Material for the task

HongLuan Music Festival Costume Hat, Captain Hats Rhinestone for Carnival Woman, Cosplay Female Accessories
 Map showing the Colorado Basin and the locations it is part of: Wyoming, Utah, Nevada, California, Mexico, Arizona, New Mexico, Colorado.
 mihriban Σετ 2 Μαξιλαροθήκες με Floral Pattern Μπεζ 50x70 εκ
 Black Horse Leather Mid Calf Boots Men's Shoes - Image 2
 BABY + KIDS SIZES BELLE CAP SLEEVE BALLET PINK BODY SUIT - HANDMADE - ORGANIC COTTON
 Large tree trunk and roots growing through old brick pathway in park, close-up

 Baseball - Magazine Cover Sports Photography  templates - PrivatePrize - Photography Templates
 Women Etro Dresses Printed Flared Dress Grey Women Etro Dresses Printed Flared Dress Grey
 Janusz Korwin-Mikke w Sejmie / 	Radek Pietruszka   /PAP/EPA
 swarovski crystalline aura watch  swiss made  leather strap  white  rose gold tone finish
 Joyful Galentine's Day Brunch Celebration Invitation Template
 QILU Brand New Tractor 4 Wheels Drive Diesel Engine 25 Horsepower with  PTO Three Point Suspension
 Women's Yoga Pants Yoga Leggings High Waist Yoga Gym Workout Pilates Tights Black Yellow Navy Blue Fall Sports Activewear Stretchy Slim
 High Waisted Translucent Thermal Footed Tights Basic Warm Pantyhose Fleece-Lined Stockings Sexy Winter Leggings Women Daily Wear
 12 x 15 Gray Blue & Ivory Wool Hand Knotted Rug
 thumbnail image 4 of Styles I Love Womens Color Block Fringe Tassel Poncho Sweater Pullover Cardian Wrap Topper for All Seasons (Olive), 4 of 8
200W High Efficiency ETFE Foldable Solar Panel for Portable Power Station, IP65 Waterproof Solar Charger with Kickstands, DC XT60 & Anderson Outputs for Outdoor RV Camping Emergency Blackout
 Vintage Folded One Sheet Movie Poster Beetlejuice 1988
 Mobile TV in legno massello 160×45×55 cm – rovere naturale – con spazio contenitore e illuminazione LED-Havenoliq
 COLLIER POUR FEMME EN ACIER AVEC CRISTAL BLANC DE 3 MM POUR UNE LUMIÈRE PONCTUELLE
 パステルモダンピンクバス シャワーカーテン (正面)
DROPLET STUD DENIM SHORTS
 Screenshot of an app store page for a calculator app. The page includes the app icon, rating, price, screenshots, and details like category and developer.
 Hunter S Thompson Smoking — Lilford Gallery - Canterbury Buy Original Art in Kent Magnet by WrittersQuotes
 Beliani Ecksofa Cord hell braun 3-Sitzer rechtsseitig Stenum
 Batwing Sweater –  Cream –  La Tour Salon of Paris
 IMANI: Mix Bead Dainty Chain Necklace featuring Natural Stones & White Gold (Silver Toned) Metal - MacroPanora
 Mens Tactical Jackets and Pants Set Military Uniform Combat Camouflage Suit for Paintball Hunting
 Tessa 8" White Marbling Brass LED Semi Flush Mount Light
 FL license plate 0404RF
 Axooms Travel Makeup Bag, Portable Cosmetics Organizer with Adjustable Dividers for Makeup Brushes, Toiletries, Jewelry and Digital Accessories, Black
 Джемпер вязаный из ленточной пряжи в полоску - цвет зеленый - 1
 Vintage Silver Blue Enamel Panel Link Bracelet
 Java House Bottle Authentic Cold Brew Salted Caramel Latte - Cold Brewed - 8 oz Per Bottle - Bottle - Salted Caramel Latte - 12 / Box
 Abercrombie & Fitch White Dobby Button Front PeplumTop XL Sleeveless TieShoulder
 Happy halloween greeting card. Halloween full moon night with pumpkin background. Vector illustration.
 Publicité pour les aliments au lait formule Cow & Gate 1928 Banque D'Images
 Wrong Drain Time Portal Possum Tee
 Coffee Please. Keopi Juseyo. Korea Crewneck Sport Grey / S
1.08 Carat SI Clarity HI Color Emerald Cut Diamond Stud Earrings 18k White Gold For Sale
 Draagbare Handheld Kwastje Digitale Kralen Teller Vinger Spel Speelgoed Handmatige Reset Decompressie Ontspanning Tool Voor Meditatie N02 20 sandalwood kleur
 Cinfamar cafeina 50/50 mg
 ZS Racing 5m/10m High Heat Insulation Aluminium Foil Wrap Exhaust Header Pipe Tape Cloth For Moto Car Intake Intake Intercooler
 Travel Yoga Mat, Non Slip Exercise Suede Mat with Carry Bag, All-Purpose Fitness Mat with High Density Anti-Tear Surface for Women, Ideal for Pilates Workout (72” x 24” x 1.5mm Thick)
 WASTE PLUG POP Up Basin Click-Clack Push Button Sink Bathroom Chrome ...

Assignment
Above are the records; repeat exactly the lines from the one holding "Map showing the" down to the one holding "Large tree trunk", end lines included.

Result of the task
 Map showing the Colorado Basin and the locations it is part of: Wyoming, Utah, Nevada, California, Mexico, Arizona, New Mexico, Colorado.
 mihriban Σετ 2 Μαξιλαροθήκες με Floral Pattern Μπεζ 50x70 εκ
 Black Horse Leather Mid Calf Boots Men's Shoes - Image 2
 BABY + KIDS SIZES BELLE CAP SLEEVE BALLET PINK BODY SUIT - HANDMADE - ORGANIC COTTON
 Large tree trunk and roots growing through old brick pathway in park, close-up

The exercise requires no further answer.